Monday, April 30, 2007

Cornwall (part 3)

After our late night theatre escapade the previous night, it was time to go 'techie'. So we drove only 15 minutes from where we were staying. Goonhilly is dubbed as the largest satellite earth station on earth. It doesn't mean the largest satellite antenna but the largest collection of satellite antennas in the world. Me and the husband were particularly interested since we both majored in Electronics and Communications way back in university. If we followed what we were educated for we might have been employed in one of these sites.

What do these 'dishes' do? They transmit and receive live TV transmissions, millions of phone calls, video calls, email, data, faxes, and even weather and navigation data. There are also undersea cable lines that connects the communications station to various parts of the world.

The satelllite dish that greeted us (see above) at the entrance was certainly impressive, big and commanding, towering very high above us little midget humans. This my friends is the satellite dish called Arthur (I love the names they gave them). It's the oldest and one of the biggest in the lot.

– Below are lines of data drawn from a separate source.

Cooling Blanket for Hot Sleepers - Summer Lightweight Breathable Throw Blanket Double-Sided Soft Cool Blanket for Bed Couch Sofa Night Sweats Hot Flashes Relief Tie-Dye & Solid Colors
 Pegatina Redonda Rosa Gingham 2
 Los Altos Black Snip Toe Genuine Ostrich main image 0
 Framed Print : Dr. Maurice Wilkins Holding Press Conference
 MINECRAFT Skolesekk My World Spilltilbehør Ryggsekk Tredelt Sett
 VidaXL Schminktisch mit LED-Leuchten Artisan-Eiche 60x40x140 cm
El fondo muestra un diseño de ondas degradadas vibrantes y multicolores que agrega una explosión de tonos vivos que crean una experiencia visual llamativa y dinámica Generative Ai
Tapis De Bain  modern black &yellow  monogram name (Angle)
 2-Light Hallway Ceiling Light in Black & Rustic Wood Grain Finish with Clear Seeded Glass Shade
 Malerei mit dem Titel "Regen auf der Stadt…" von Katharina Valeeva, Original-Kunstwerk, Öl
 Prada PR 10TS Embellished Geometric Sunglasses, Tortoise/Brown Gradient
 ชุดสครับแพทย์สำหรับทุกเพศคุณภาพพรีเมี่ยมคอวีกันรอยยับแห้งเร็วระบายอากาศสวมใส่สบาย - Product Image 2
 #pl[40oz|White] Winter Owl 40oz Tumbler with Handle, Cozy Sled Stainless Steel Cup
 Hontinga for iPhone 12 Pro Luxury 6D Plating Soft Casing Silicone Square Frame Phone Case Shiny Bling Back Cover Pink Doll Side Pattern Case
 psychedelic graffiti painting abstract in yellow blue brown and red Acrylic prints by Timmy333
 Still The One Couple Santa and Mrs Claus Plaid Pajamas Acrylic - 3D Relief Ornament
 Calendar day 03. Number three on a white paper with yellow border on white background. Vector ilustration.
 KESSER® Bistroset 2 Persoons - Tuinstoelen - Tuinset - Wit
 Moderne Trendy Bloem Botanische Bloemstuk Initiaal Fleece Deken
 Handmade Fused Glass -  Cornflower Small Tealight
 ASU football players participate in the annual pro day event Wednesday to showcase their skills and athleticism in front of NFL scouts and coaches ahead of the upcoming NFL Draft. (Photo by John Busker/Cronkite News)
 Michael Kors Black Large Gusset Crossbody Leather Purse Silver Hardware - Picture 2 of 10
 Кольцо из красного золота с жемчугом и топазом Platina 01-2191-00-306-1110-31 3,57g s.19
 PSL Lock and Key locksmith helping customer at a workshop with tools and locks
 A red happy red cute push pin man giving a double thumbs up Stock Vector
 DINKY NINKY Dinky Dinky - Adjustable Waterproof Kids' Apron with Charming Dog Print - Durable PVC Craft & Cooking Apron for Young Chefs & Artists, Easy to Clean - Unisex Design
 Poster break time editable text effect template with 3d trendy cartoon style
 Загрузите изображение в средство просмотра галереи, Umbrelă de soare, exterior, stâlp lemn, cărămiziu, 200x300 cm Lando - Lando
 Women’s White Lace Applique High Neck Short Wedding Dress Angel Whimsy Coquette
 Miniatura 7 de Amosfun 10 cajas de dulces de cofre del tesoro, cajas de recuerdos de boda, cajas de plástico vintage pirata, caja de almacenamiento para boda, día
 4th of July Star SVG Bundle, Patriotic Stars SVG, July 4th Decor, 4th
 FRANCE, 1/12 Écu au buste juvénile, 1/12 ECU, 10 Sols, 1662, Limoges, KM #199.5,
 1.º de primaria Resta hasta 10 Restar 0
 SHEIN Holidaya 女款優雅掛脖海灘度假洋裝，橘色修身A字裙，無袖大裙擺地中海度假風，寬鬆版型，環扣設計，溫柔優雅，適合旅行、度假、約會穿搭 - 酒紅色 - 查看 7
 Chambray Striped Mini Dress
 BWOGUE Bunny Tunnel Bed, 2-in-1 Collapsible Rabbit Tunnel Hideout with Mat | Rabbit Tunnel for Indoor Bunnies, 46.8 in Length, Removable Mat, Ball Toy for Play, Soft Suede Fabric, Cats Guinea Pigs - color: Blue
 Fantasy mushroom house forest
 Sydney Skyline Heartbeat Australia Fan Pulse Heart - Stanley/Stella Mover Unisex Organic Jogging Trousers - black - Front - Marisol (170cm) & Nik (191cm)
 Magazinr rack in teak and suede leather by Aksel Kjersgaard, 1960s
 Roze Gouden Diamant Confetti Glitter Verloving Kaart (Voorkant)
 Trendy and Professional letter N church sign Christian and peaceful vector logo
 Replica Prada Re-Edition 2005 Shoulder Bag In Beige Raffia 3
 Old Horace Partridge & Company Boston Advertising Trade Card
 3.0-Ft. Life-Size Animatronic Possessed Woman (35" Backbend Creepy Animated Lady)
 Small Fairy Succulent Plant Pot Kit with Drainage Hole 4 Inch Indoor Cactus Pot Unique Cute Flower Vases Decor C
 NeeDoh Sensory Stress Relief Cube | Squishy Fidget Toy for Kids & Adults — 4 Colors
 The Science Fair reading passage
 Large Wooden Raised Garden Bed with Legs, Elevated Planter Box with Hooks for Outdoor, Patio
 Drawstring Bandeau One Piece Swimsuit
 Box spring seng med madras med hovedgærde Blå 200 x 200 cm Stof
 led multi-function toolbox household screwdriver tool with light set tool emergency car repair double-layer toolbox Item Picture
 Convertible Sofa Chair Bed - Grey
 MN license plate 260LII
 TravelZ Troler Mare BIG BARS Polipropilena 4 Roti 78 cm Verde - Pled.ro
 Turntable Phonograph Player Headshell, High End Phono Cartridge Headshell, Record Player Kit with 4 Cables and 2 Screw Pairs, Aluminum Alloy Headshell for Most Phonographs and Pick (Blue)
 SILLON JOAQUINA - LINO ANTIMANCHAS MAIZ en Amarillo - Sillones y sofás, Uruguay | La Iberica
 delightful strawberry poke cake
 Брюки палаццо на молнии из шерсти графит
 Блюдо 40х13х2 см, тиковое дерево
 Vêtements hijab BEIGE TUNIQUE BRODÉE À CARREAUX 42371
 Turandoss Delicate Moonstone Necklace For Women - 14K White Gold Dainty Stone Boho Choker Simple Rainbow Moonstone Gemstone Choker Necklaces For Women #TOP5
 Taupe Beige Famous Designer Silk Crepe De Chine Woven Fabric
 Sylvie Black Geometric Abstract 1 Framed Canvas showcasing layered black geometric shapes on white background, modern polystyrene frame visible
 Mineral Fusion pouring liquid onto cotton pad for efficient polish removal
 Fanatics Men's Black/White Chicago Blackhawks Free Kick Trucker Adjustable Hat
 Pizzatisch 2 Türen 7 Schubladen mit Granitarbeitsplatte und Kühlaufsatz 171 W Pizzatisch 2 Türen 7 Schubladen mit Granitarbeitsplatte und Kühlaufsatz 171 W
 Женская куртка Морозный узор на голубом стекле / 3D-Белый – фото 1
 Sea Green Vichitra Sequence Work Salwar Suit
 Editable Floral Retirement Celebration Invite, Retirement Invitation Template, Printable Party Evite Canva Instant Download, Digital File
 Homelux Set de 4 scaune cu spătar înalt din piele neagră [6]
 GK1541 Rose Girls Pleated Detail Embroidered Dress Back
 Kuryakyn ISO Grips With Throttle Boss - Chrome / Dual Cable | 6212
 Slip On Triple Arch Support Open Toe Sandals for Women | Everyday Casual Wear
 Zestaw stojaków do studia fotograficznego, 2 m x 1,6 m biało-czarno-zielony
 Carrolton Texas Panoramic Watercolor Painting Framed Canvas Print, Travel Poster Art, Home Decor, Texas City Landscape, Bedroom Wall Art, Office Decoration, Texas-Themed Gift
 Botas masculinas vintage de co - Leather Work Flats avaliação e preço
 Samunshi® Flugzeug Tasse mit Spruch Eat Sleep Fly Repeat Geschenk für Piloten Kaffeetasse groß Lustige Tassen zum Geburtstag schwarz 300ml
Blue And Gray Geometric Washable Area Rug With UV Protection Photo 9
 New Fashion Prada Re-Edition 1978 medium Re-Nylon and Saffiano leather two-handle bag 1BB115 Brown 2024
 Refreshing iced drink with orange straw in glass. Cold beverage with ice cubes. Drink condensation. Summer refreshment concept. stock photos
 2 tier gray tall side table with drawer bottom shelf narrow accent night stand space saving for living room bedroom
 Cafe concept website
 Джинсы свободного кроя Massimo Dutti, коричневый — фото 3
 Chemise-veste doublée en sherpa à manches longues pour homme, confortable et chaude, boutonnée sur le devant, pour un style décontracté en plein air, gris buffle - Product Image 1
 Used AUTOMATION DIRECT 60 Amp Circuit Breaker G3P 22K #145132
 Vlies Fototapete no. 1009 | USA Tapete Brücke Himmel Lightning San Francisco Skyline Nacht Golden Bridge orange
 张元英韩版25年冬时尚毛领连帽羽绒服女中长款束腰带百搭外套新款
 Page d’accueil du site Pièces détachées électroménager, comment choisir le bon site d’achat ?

Let's take a closer look at Arthur. It was built in 1962 to track the Telstar - a fast and low orbiting satellite. This means that Arthur can do a full swing of its face in just 3 minutes. Mind you, these are working antennas so tour can sometimes be cancelled at the last minute.

On the right-hand side is Merlin and in the middle of the 3 smaller dishes on the left is Geraint currently tasked to track an Inmarsat satellite over the Atlantic.

Here is a closer look at Merlin the largest on site with a dish diameter of 32 meters. It was used in 1985 to transmit the Live Aid concert worldwide.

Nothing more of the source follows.